Your copy should repeat the data that follows exactly and contain no image.

Content starts

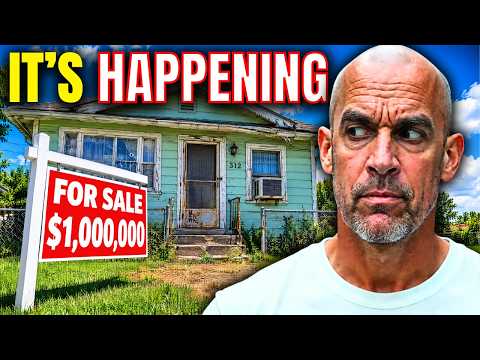 They Made Homes Unaffordable On Purpose (Here's Who: WTF?!)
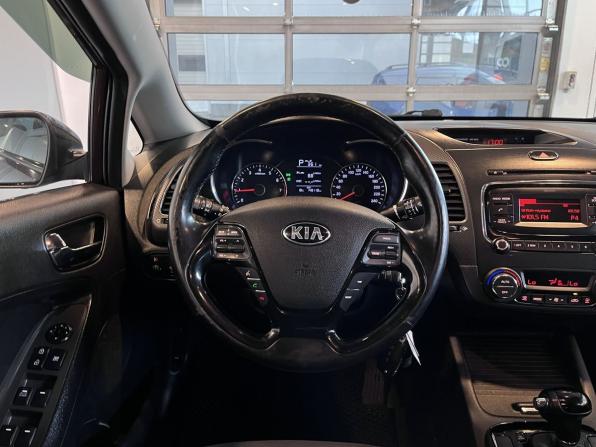 Kia Cerato III Рестайлинг (Classic) с пробегом 2018 года, цена 1 595 000 рублей, 148116 км, седан, Автокод Объявления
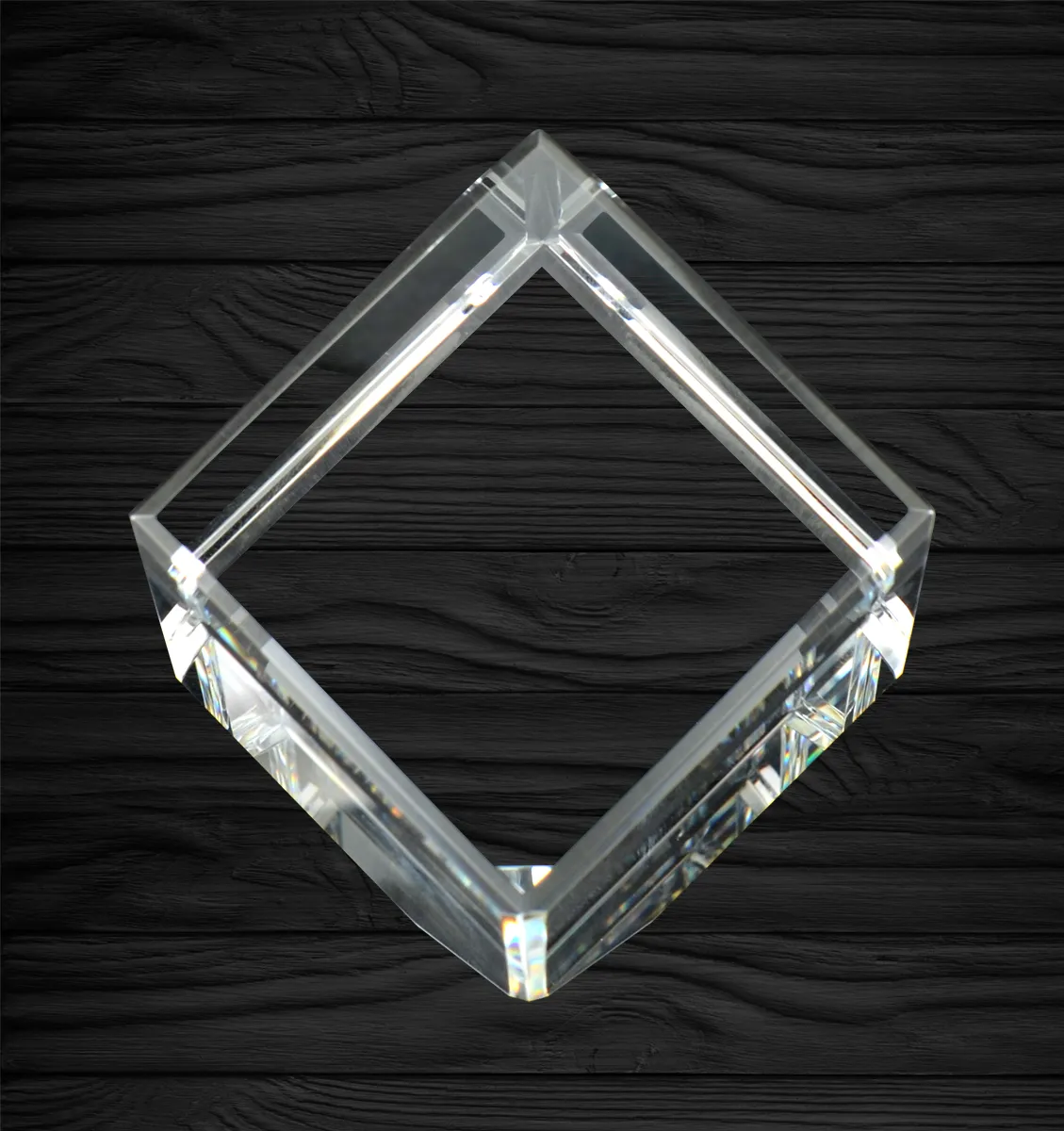 Bellington Paperweight — blank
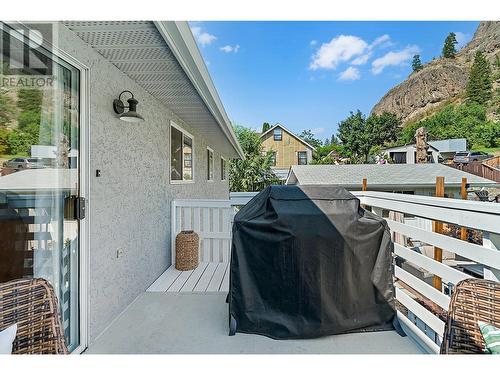 11029 Victoria Road S, Summerland, BC - Outdoor With Exterior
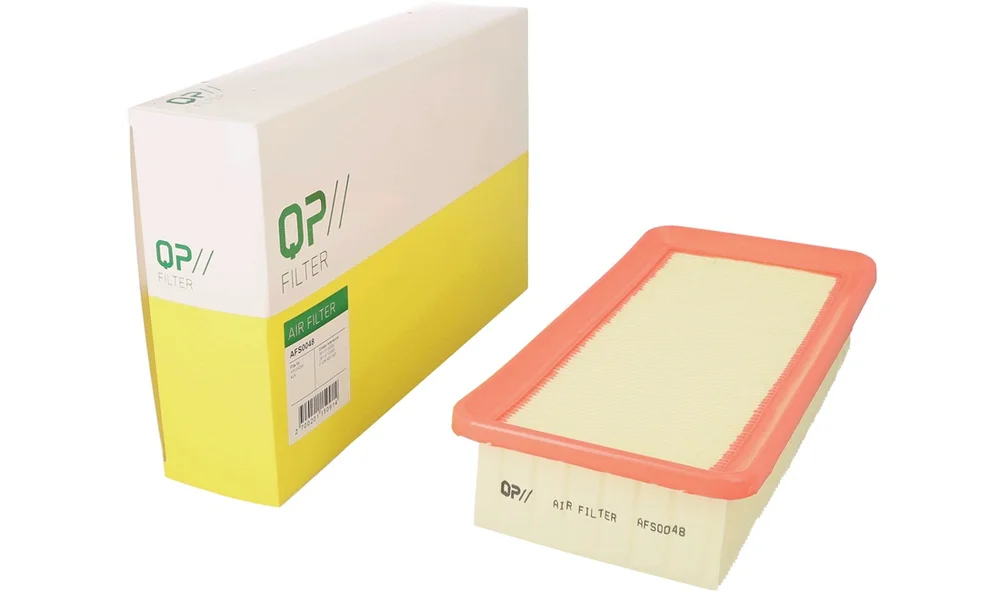 Luftfilter - F 026 400 048 - (QP Filter) v:255141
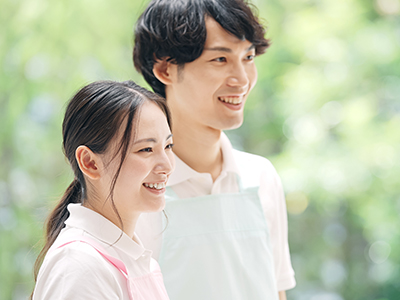 介護/無資格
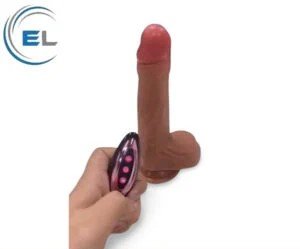 Realistic Vibrating Dildo In Pakistan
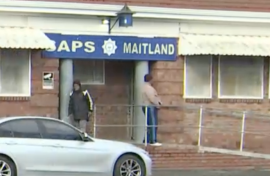 SAPS Maitaland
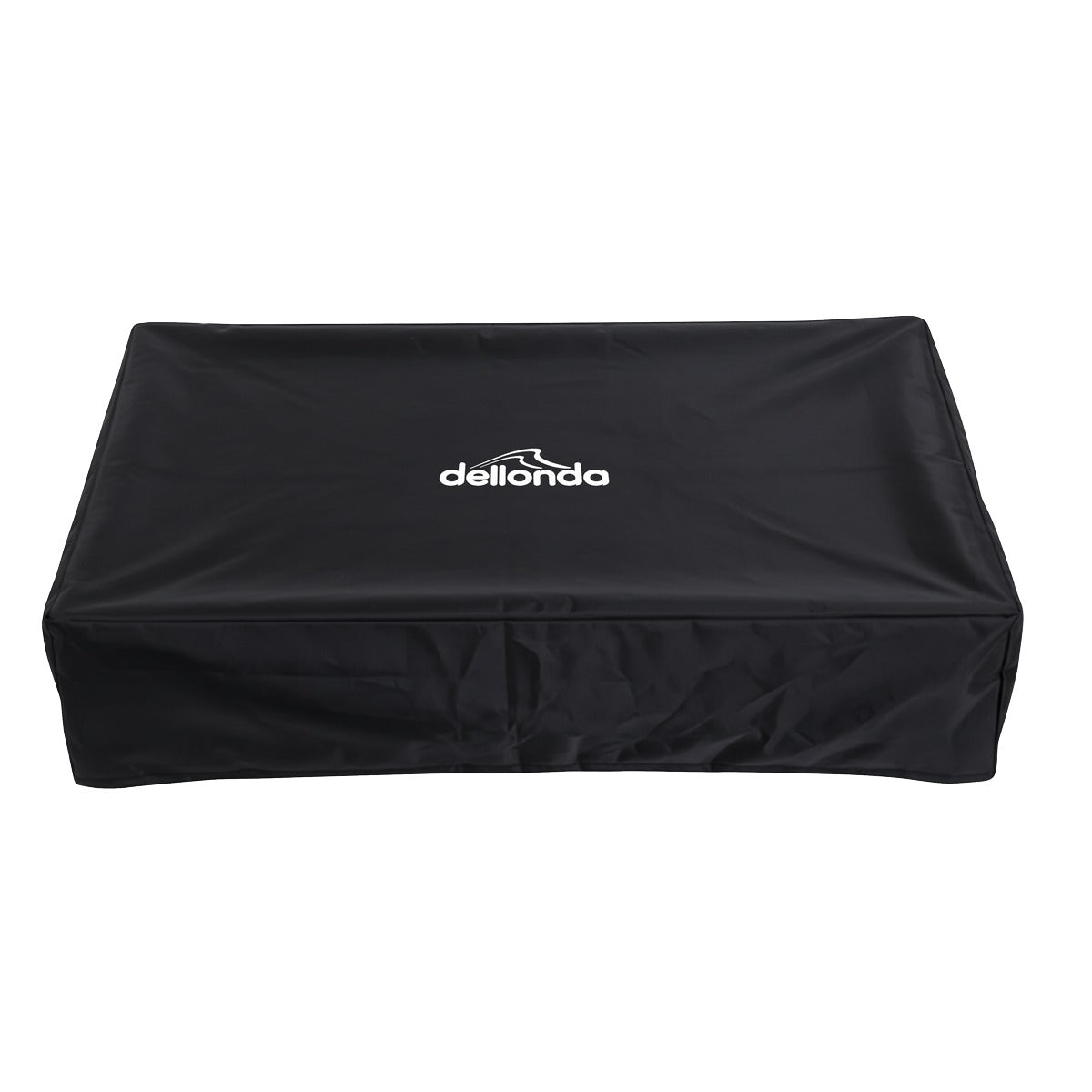 Dellonda Heavy-Duty PVC Water-Resistant Plancha Cover for DG277 DG298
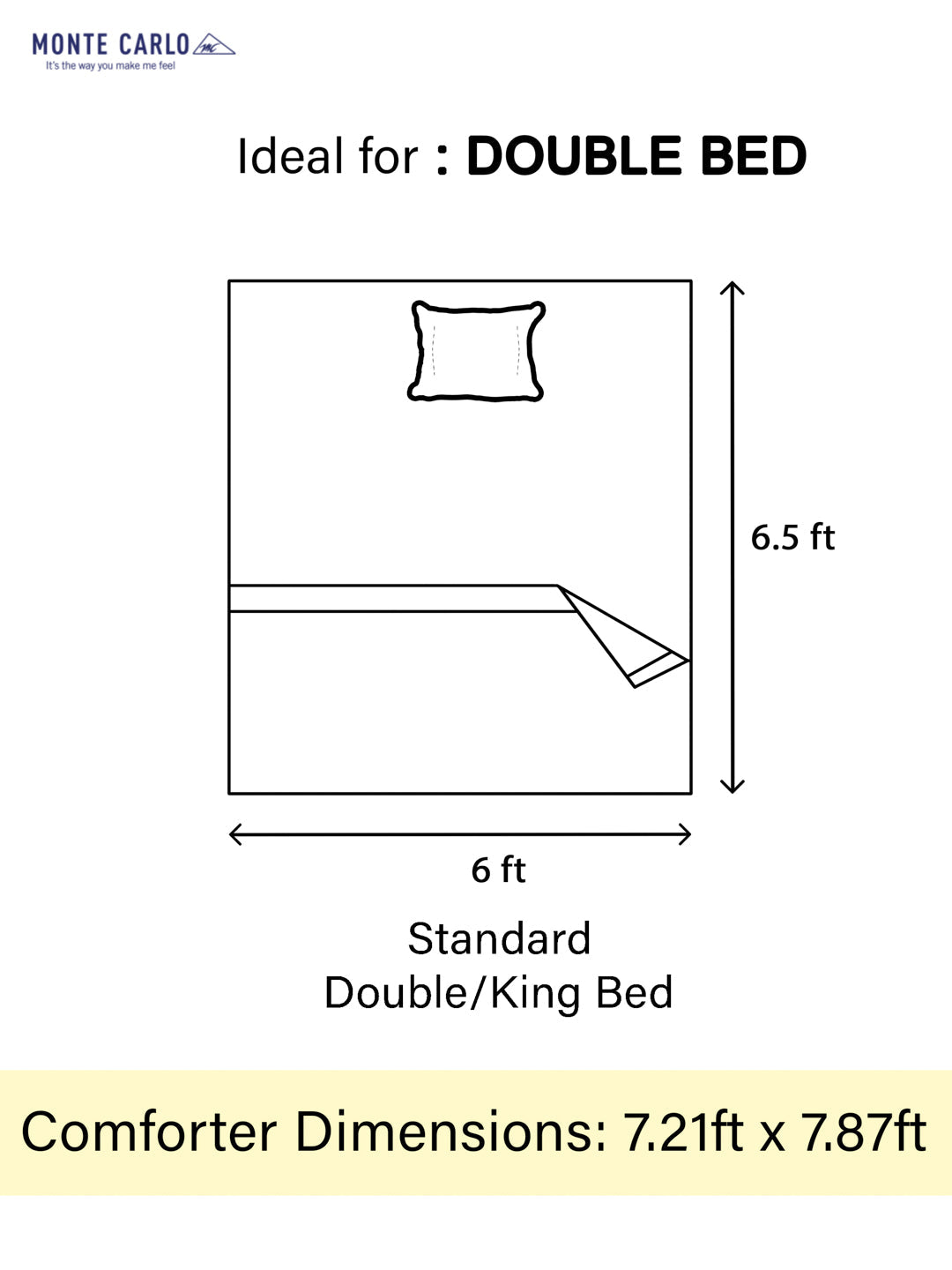 Printed Double Bed 947 GSM Blanket Angel Gold 1 Ply (Weight 5 kg)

Content ends

_Answer for this exercise_.
 They Made Homes Unaffordable On Purpose (Here's Who: WTF?!)
 Kia Cerato III Рестайлинг (Classic) с пробегом 2018 года, цена 1 595 000 рублей, 148116 км, седан, Автокод Объявления
 Bellington Paperweight — blank
 11029 Victoria Road S, Summerland, BC - Outdoor With Exterior
 Luftfilter - F 026 400 048 - (QP Filter) v:255141
 介護/無資格
 Realistic Vibrating Dildo In Pakistan
 SAPS Maitaland
 Dellonda Heavy-Duty PVC Water-Resistant Plancha Cover for DG277 DG298
 Printed Double Bed 947 GSM Blanket Angel Gold 1 Ply (Weight 5 kg)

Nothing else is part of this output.